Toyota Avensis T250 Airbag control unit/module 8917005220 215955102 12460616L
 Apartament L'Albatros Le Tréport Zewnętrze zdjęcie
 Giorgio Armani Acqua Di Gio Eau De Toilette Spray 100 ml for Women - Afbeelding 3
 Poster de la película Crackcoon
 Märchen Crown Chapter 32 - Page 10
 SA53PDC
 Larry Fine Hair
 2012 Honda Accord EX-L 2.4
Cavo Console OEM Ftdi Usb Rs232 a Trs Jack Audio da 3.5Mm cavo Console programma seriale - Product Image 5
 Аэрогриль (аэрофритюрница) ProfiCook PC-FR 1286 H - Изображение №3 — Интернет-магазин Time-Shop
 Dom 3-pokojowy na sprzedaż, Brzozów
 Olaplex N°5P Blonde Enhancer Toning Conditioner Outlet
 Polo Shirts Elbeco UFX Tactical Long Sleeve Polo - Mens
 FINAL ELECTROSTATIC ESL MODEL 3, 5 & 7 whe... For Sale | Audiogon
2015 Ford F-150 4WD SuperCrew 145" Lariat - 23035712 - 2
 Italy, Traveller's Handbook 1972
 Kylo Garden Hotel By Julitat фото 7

-----

### Exercise prompt
All lines from the one holding "Giorgio Armani Acqua" through the final line of the material must be set down exactly, and nothing else may be added.

### Your solution
 Giorgio Armani Acqua Di Gio Eau De Toilette Spray 100 ml for Women - Afbeelding 3
 Poster de la película Crackcoon
 Märchen Crown Chapter 32 - Page 10
 SA53PDC
 Larry Fine Hair
 2012 Honda Accord EX-L 2.4
Cavo Console OEM Ftdi Usb Rs232 a Trs Jack Audio da 3.5Mm cavo Console programma seriale - Product Image 5
 Аэрогриль (аэрофритюрница) ProfiCook PC-FR 1286 H - Изображение №3 — Интернет-магазин Time-Shop
 Dom 3-pokojowy na sprzedaż, Brzozów
 Olaplex N°5P Blonde Enhancer Toning Conditioner Outlet
 Polo Shirts Elbeco UFX Tactical Long Sleeve Polo - Mens
 FINAL ELECTROSTATIC ESL MODEL 3, 5 & 7 whe... For Sale | Audiogon
2015 Ford F-150 4WD SuperCrew 145" Lariat - 23035712 - 2
 Italy, Traveller's Handbook 1972
 Kylo Garden Hotel By Julitat фото 7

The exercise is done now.